Business model for providing information technology

IT as a service (ITaaS) is an operational model where the information technology (IT) service provider delivers an information technology service to a business. The IT service provider can be an internal IT organization or an external IT services company. The recipients of ITaaS can be a line of business (LOB) organization within an enterprise or a small and medium business (SMB). The information technology is typically delivered as a managed service with a clear IT services catalog and pricing associated with each of the catalog items. At its core, ITaaS is a competitive business model where businesses have many options for IT services and the internal IT organization has to compete against those other external options in order to be the selected IT service provider to the business. Options for providers other than the internal IT organization may include IT outsourcing companies and public cloud providers.

Under an ITaaS model, the IT service provider will place great emphasis on the needs and the outcomes required by the business to improve employee productivity and improving the top line (revenue) and bottom line (profitability). Such services will have a deep industry focus to fully enable industry specific use cases. The benefits to the business sought by using the ITaaS model include the standardization and simplification of products delivered by IT, improved financial transparency and more direct association of costs to consumption, and increased IT operational efficiency resulting from the need to compare the price of internally produced products to those available from external providers. The transformation of an internal IT organization from operating as a cost-center to an ITaaS model is also believed to produce improved levels of business agility for the enterprise as a whole.

==Not a cloud service model==

According to The NIST Definition of Cloud Computing, there are three service models associated with cloud computing: infrastructure as a service (IaaS), platform as a service (PaaS), and software as a service (SaaS). The concept of ITaaS as an operating model is not limited to or dependent on cloud computing. Several proponents of ITaaS as an operating model will insist that the ability for an IT organization to deliver ITaaS is enabled by underlying technology models such as IaaS, PaaS, and SaaS. Vendors who are proponents of the concept of ITaaS as an operating model include EMC, Citrix, and VMware.

ITaaS is not a technology shift - such as a move to increase the use of virtualization. Rather, it is an operational and organizational shift to running IT like a business and optimizing IT production for business consumption. IT organizations that adopt ITaaS are most likely to use the best practices for IT service management as defined in ITIL.

==Transformation to IT as a service==

Several vendors who are proponents of ITaaS describe the transition of an IT organization to the ITaaS model as a journey which includes the adoption of such models as:

- New technology models founded on the use of private, public, and hybrid clouds; employing controls, trust and compliance up and down the stack; introducing infrastructure standardization and automation wherever possible.
- New consumption models leveraging self-service catalogs offering both internal and external services; providing IT financial transparency for costs and pricing; offering consumerized IT – such as bring your own device (BYoD) – to meet the needs of users.
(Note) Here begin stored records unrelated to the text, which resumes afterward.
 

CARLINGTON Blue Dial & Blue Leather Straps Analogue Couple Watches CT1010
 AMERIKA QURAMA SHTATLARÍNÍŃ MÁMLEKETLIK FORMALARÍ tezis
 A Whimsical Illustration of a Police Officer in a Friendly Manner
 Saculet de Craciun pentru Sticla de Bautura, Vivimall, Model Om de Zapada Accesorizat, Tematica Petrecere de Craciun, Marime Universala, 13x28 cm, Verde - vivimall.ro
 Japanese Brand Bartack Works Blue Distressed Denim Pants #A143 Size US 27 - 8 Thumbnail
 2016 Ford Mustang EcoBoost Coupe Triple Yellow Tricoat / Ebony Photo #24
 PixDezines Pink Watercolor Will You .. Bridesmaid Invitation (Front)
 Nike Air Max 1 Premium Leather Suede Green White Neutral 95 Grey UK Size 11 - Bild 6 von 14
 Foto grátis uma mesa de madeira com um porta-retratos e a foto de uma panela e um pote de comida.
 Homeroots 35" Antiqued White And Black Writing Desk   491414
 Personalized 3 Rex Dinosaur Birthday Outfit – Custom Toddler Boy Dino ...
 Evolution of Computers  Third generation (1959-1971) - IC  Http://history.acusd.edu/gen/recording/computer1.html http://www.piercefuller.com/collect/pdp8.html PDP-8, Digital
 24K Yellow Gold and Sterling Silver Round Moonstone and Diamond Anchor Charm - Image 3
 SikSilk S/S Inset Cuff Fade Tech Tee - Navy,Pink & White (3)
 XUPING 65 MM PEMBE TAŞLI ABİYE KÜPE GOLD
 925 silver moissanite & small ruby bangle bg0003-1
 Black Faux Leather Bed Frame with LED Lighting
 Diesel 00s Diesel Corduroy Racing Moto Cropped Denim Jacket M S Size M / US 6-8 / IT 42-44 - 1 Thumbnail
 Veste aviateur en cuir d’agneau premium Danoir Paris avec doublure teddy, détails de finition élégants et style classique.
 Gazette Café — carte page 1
All of which simplify and encourage consumption of services.
- New operational models which imply a revised organization, with new business and technical skills and roles; creation of more horizontal, service-oriented processes; explicit IT alignment with lines-of-business.
- Business driven IT solution is represented as a repeatable business activity having a specified outcome, wherein service acts as a self-contained logical unit, may be composed of other services (choreography), is generally a "black box" to typical consumers while highly transparent to leadership.
- Can include services such as fractional CIO for the business, whereby fiduciary duty is to the client.